Many people consider waiting tables and bartending as “filler jobs” while attending college.
Taylor Boyd felt so at home in the hospitality industry, that he made it a career.
Born in Ocala and raised in Lady Lake, he was among the first students to attend The Villages High School. After graduating in 2007, he studied hospitality and event management at UCF.
Having started out bussing tables at a country club in The Villages, Taylor worked his way up to waiting tables and then bartending.
“In the food and beverage industry, culinary artists are in the back-of-house like a scientist in a lab, but I get to be ‘on stage’ and interact with people. That’s my favorite aspect of bartending,” 34-year-old Taylor explains.
“I love to eat and cook, but I’m more of a ‘liquid chef’ for the front-of-house,” adds Taylor, who turned his passion into a business as a beverage caterer.
In 2019, Taylor launched his company Bartender Rental, which provides full bar services for any type of event — from weddings and private parties to corporate and customer appreciation events.
Of course, he serves whatever the client requests, but if he had to name a favorite drink, it would be the 1944 Mai Tai, which he describes as “a masterpiece of a cocktail, and the most botched drink in history.”
When he’s not mixing a killer cocktail, he’s an avid skateboarder who plays guitar, loves music and concerts. He also does cosplay for fun, and is a big movie and music geek.

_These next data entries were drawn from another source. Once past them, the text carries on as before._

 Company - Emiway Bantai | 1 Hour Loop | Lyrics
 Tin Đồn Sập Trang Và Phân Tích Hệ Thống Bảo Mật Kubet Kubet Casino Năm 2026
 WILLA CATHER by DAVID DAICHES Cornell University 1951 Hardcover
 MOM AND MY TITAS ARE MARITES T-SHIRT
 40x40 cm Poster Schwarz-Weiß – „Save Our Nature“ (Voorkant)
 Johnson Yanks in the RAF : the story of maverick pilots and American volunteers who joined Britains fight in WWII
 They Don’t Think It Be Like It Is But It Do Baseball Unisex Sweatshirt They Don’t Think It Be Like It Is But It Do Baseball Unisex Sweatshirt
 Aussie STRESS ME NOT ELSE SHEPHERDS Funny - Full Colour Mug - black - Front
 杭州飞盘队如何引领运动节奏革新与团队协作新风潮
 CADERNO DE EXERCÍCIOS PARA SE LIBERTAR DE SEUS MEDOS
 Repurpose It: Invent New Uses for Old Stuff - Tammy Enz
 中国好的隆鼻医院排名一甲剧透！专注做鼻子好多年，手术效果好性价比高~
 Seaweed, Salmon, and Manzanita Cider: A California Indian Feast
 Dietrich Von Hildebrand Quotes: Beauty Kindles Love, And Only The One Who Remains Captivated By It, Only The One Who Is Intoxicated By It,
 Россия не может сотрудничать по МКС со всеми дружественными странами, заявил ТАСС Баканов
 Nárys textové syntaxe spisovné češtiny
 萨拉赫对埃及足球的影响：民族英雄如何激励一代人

“I’m outside of my generation in that respect,” he admits. “I grew up watching ’50s and ’60s TV with my parents and have an affinity for mid-century Americana.”
With all the buzz about artificial intelligence today, Taylor isn’t worried that AI robots will replace bartenders and servers.
“People crave human interaction,” Taylor says, adding that he feels it’s the best part of his job.
“There’s an art behind bartending; it’s multi-dimensional. While we’re crafting something you’re going to consume, we’re also entertainers. Some would even consider us akin to ‘therapists.’ Making the cocktails or pouring a beer is just a small segment of it,” he explains.
“There’s a level of rapport built between my team and the guests. That’s what gives humans purpose – that connection with others. We’re not just serving cocktails!”